The Constitution is the fundamental law of the land. It is the basis on which the different institutions of the Republic are legitimized, it defines the relations of these institutions with one another, it defines the rights and duties of the citizens, and it defines where sovereignty lies, amongst other things. All of us have read the Preamble to the Constitution that declares “we the people give to ourselves this Constitution”. The School clarified that exactly the opposite had happened – it was drafted by a Constituent Assembly whose members were not elected by the Indian people but were selected from amongst the members of the Provincial Assemblies under the colonial state. These members were themselves elected on the basis of extremely limited franchise, with the right to vote extremely restricted on the basis of educational and property qualifications. The Indian bourgeoisie, the class which had collaborated with the British, and who was handed over the reins of power of a partitioned India by the colonialists, drafted a Constitution that would legitimise its rule. It is the rule of a powerful minority over the majority of workers and peasants. Neither did the workers and peasants of India draft this Constitution, nor is there any mechanism in this Constitution, to enable the workers and peasants to give to themselves a Constitution that will defend their rights by ensuring their rule in place of the rule of the bourgeoisie.

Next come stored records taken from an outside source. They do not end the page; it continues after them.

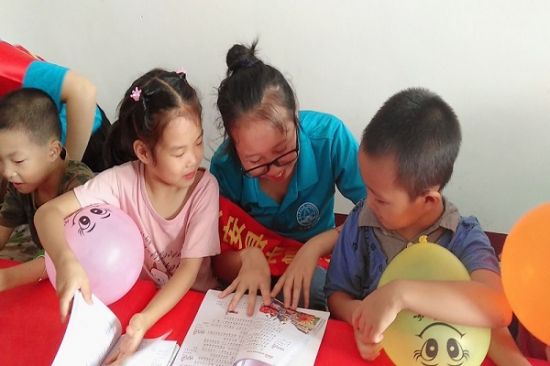 广西师范大学兴安县崔家乡挂职队开展“情暖童心，你我同行”关爱留守儿童活动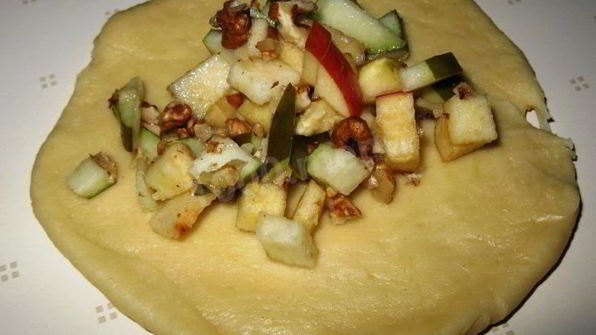 жареные пирожки с яблоками на сковороде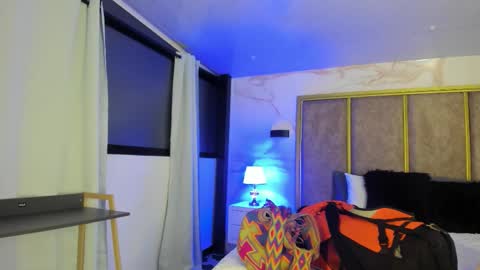     online show from February 20, 10:39 am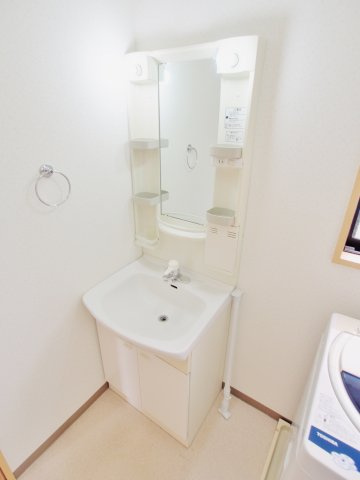 三浦アパートの独立洗面台
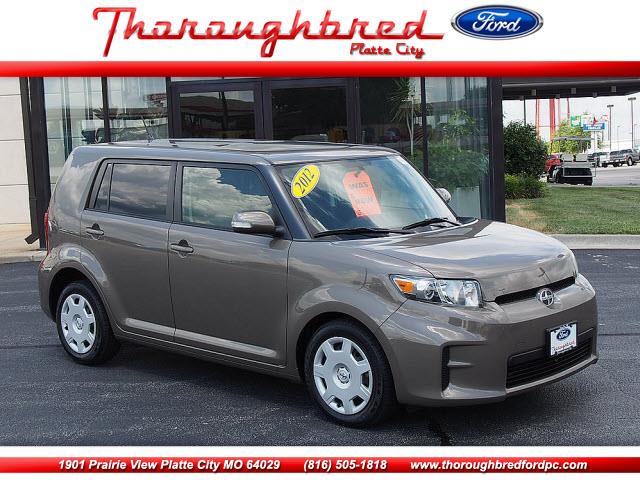 Scion xB 2012 photo 4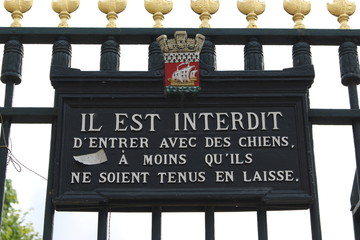 Affichage public : Il est interdit d'entrer avec des chiens à moins qu'ils ne soient tenus en...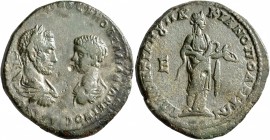 MOESIA INFERIOR. Marcianopolis. Macrinus, with Diadumenian as Caesar, 217-218. Pentassarion (Bronze, 27 mm, 9.99 g, 1 h), Pontianus, legatus consulari...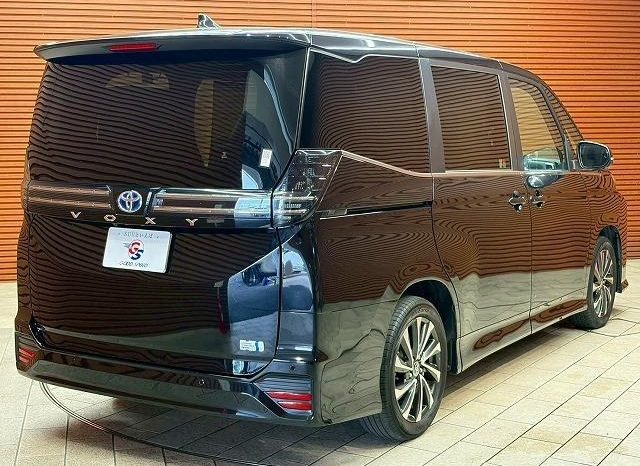 
								TOYOTA VOXY HYBRID S-Z full									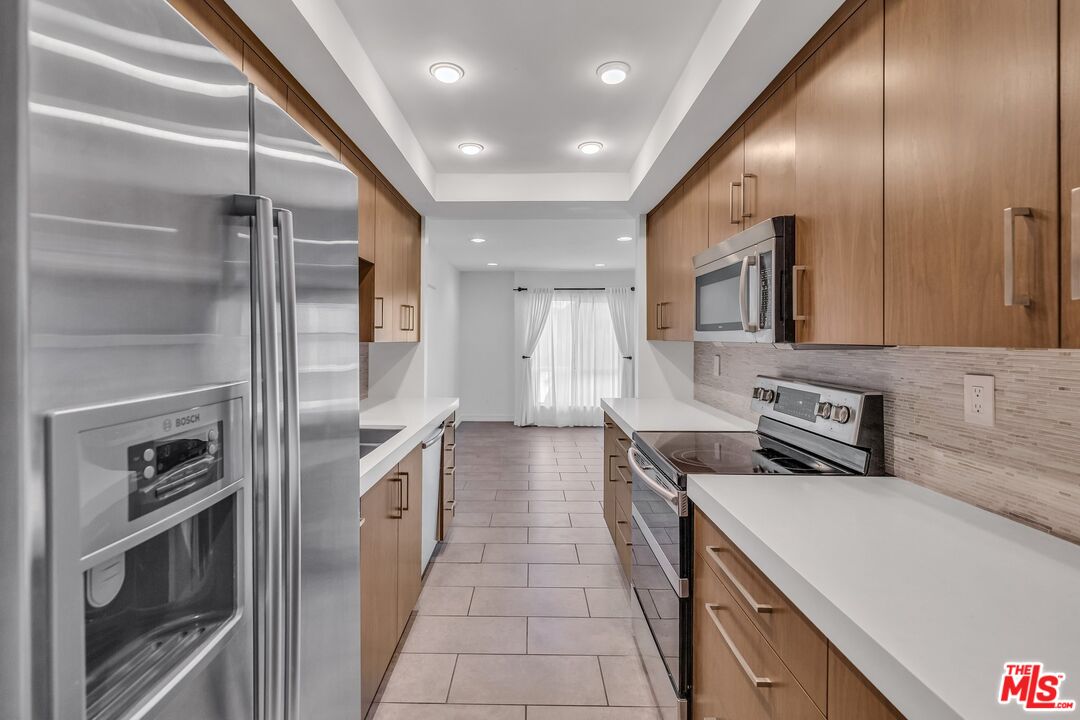 11965 Gorham Ave Unit: 301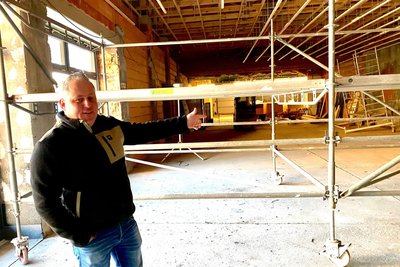 Unternehmer Mario Schmieder aus Neuhausen: In diesen Räumen plant er auch eine Bäckereifiliale und einen Fleischerladen.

The Indian Constitution did not make a break with colonial rule. On the contrary, every vestige of the colonial legacy has been maintained in the Republic and its institutions because it was eminently suited for the bourgeoisie to preserve its rule, in place of the colonial rule. The presentation at the Schools informed comrades of the debates in the Constituent Assembly to understand the perspective with which the various provisions were formulated and how subsequent amendments were made to make it more effective in preserving and strengthening the institutions of bourgeois rule.
The bourgeoisie claims that the Constitution is a very sacred document that has to be taken as gospel truth and that it cannot be challenged. The working class on the other hand has to understand the fact that this Constitution cannot defend its rights and interests, or the rights and interests of the peasantry and other exploited and oppressed sections of our people. The Constitution does not even acknowledge the existence of nations and nationalities not to speak of their collective rights. The toilers and tillers of this land can see from their own experience that their rights and freedoms are severely curtailed and negated by this Constitution and the system that it upholds. The Terrorist and Disruptive Activities Act (TADA), preventive detention and several black laws have been legitmised by introducing exceptions to the provisions in the Constitution dealing with civil and political rights. The Constitution even allows the government at the centre to ride roughshod over resolutions of the state assemblies to withdraw such black laws.
The eager participants of the Schools, who were carefully listening to and making notes during the presentations, raised many questions and sought clarifications. Their enthusiasm was unwavering right through the two days of each School. In conclusion, all the comrades acknowledged that what they had learnt from the School was in stark contrast with what they had been taught through school and college in political science and civics. There was a demand from all the comrades that we need more such schools and more discussions on the Constitution and subjects which will educate us so we can learn from our history to better understand the present and chart our course for the future.